▶ _Exercise input_:

· · · ·

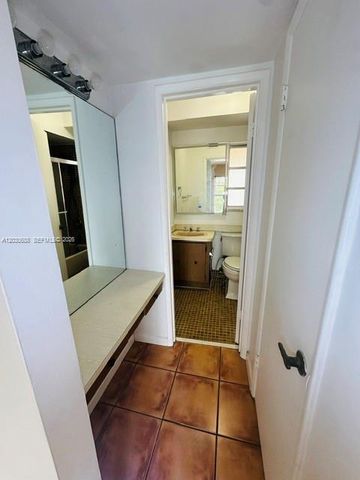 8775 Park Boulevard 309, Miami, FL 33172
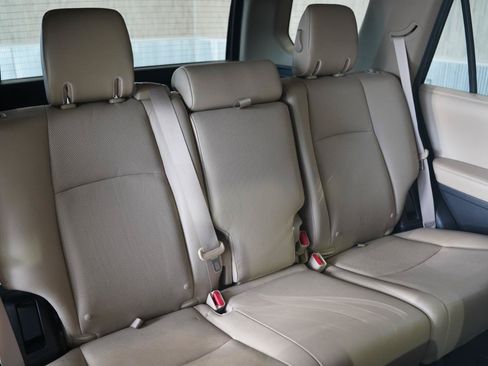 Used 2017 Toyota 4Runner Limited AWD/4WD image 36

· · · ·

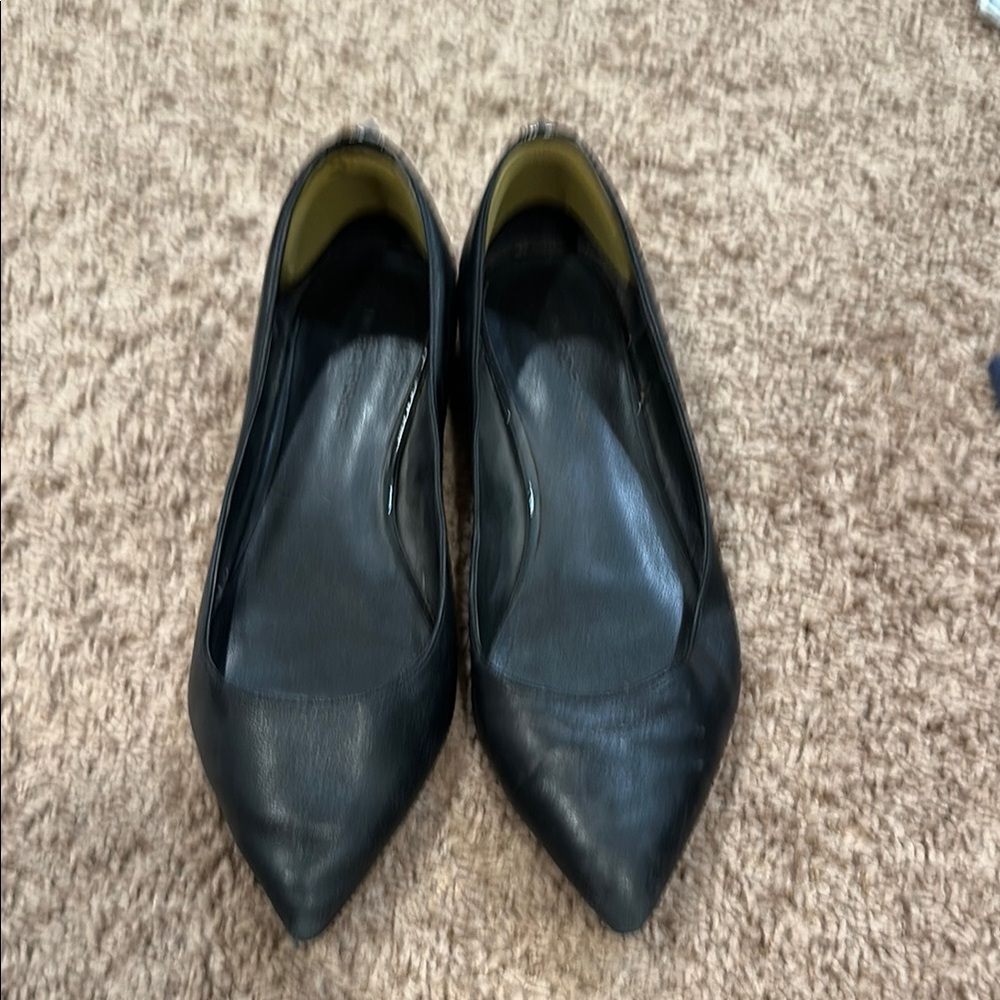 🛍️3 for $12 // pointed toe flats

· · · ·

▶ _Task item_:
After locating the line containing "8775 Park Boulevard 309, Miami, FL 33172" in the entries above, return it and every line after it exactly, ending at the line containing "Used 2017 Toyota", without pictures.

▶ _Written answer_:
 8775 Park Boulevard 309, Miami, FL 33172
 Used 2017 Toyota 4Runner Limited AWD/4WD image 36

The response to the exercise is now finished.